### What this task involves:
Copy out the data below from the line containing "Kayaking or bamboo" to the line containing "Lit double blanc", both lines included, with all images left out.

### Provided information:
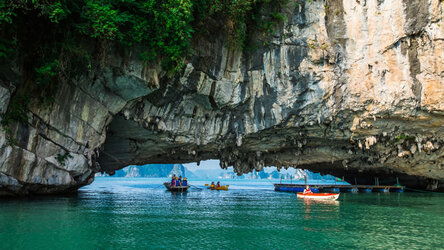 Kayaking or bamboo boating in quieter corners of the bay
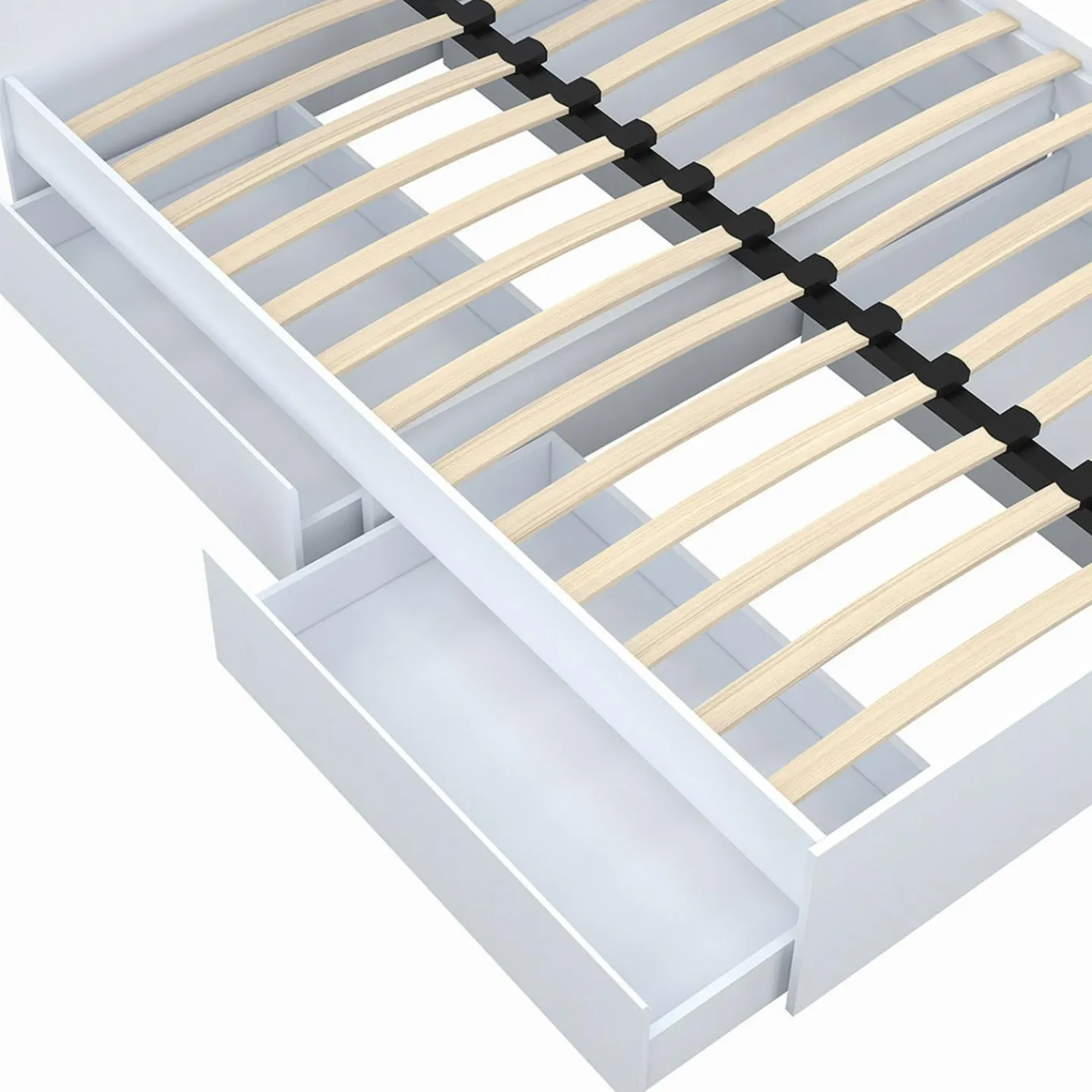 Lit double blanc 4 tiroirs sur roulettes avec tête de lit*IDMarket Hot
...
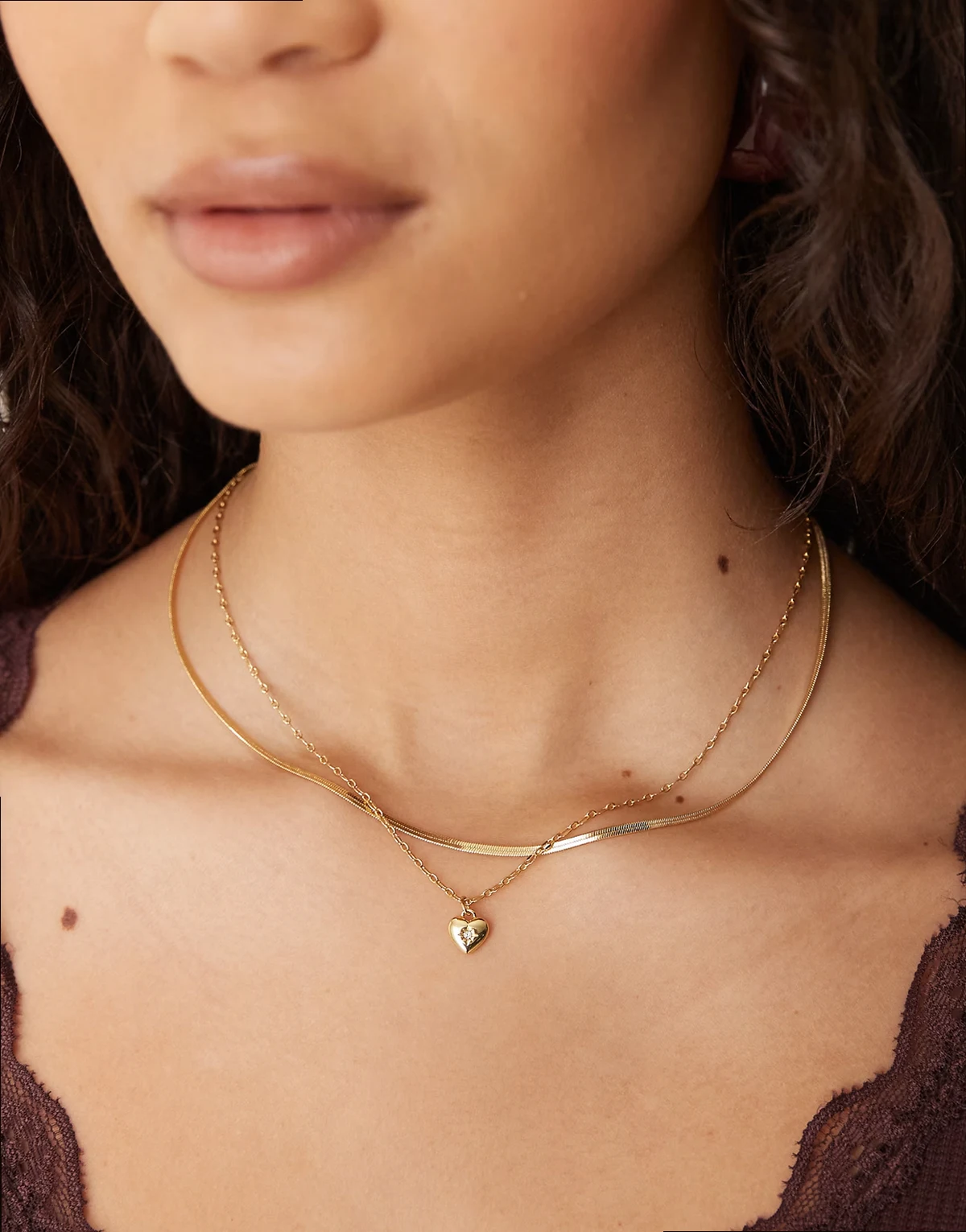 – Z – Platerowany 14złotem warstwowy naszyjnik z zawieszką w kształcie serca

### Solution below:
 Kayaking or bamboo boating in quieter corners of the bay
 Lit double blanc 4 tiroirs sur roulettes avec tête de lit*IDMarket Hot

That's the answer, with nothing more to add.